Franciacorta became the first DOC to specify that its sparkling wines must be made by Metodo Classico. Metodo classico in Italian, or méthode Champenoise or méthode traditionnelle in French, refers to a specific manner of sparkling wine production in which the second alcoholic fermentation occurs in the individual bottles. Carbon dioxide becomes trapped within the wine,
resulting in fine and long-lasting bubbles. Prosecco and many other more affordable sparkling wines are made using the Charmat method (or metodo Martinotti) in which secondary fermentation occurs in large pressurized tanks instead, a much less labor intensive (and therefore less expensive) process.
In 1990, the Consorzio per la tutela del Franciacorta was formed, and new regulations on content and yield led to elevation of sparkling Franciacorta to DOCG status in 1995. The DOCG vineyard are is only 2,200 hectares (5,400 acres) and permitted grape varieties are 85% Chardonnay, 10% Pinot Nero and 5% Pinot Bianco.
Franciacorta wines are either non vintage, released at a minimum of 25 months after harvest, or vintage (millesimato). Vintage Franciacorta is released 37 months after the harvest, and like Champagne, must see prolonged contact with yeasts in the bottle - 18 months for non vintage and 30 months for millesimato - for increased depth, persistence and elegance.

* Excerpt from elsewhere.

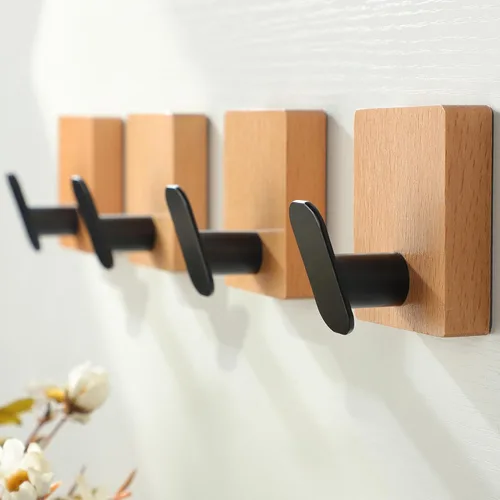 Miniatura 27 de DELITON Paquete de 4 ganchos adhesivos para toallas - Blancos, ganchos autoadhesivos resistentes para pegar en la pared, para colgar batas, abrigos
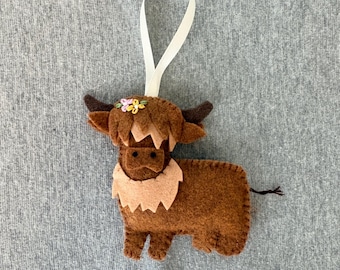 Handmade Felt Highland Cow Ornament  Cute Brown Cow Christmas Tree Decoration Farmhouse Holiday Decor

Rosé Franciacorta contains at least 15% Pinot Nero, while Satèn is a blanc de blancs. This means it must be made entirely from the white grape varieties Chardonnay and/or Pinot Bianco and is produced with slightly less pressure for a slightly softer and creamier mouth feel. Producers have the option of making a Riserva, the fourth category of Franciacorta.
Dosage levels, a general measure of the wine’s sweetness, reflect those of Champagne, with the terms Pas Dosé, Dosage Zéro, Pas Opéré, Nature, Extra Brut, Brut, Extra Dry, Sec and Demi-Sec all being used.
Since August 1, 2003, Franciacorta has been the only Italian wine not obliged to declare its DOCG appellation on the label, in the same manner that a Champagne is permitted to exclude from labels its AOC. Since it’s inception, the wine has grown rapidly, with sales of Franciacorta wines increasing from 2.9 million bottles in 1996 to 6.7 million in 2003.
With the creation of the Franciacorta DOCG for sparkling wines, the former DOC was renamed Terre di Franciacorta for the still wines and then in 2008, Curtefranca. There are two types as defined by these regulations, a Bianco and a Rosso.
Curtefranca Bianco DOC: Curtefranca Bianco is a fruity and fresh wine that is best as very young. The grape varietals allowed are Chardonnay, Pinot Bianco, Pinot Nero (100%), or a blend of these three.
Curtefranca Rosso DOC: These are an interesting blend of grapes: Cabernet Sauvignon and Cabernet Franc (25-70%), Barbera (0-55%), Merlot (0-55%), Nebbiolo (15-25%) and other grapes up to 15%. When young, they are fresh and ruby red with purple hints which deepen with age. The taste is dry, vinous, and balanced with medium body. The scent is fruity with herbal notes.